Cement milling is usually carried out using ball mills with two or more separate chambers containing different sizes of grinding media (steel balls).
Grinding clinker requires a lot of energy. How easy a particular clinker is to grind (“grindability”) is difficult to predict, but rapid cooling of the clinker is thought to improve grindability due to the presence of microcracks in alite and to the finer crystal size of the flux phases. It is frequently observed that belite crystals, which have a characteristic round shape, tend to separate and form single crystal grains during grinding.
As part of the grinding process, calcium sulfate is added as a set regulator, usually in the form of gypsum (CaSO4.2H2O). Natural anhydrite may also be added to discourage lumpiness of the gypsum due to its water content.
Since the clinker gets hot in the mill due to the heat generated by grinding, gypsum can be partly dehydrated. It then forms hemihydrate, or plaster of Paris – 2CaSO4.H2O. On further heating, hemihydrate dehydrates further to a form of calcium sulfate known as soluble anhydrite (~CaSO4). This has a similar solubility in water to hemihydrate, which in turn has a higher solubility than either gypsum or natural anhydrite.
Cement mills need to be cooled to limit the temperature rise of the cement. This is done by a mixture of both air-cooling and water-cooling, including spraying water inside the mill.
The relative proportions and different solubilities of these various types of calcium sulfate are of importance in controlling the rate the rate of C3A hydration and consequently of cement set retardation. Problems associated with setting and strength characteristics of concrete can often be traced to changes in the quantity of gypsum and hemihydrate, or with variations in cooling rate of the clinker in the kiln and subsequent changes in the proportions or size of the C3A crystals.
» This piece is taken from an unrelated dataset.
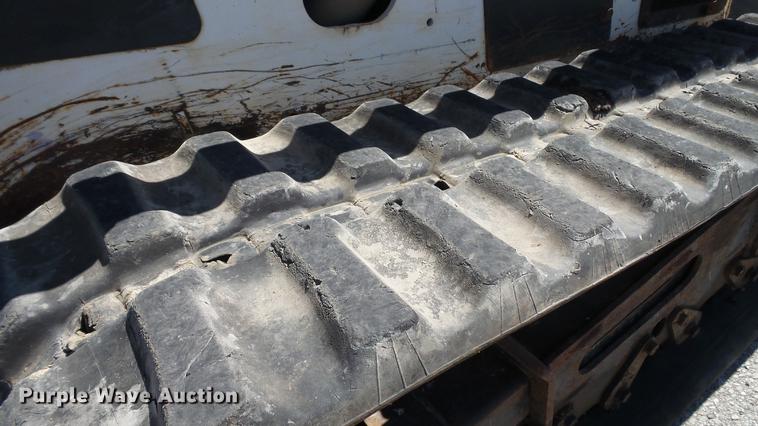 image for item DM9873 2005 Bobcat MT55 compact utility loader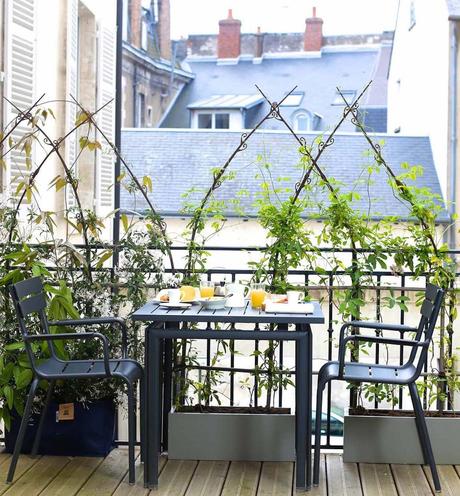 terrasse exterieur balcon parquet bois lame chaise table metal noir plante verte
For set regulation, the most important feature of aluminate is not necessarily the absolute amount present, but the amount of surface which is available to water for reaction. This will be governed by many factors, such as the surface area of the cement, the grinding characteristics of the different phases and also the size of the aluminate crystals. Over-large crystals can lead to erratic setting characteristics.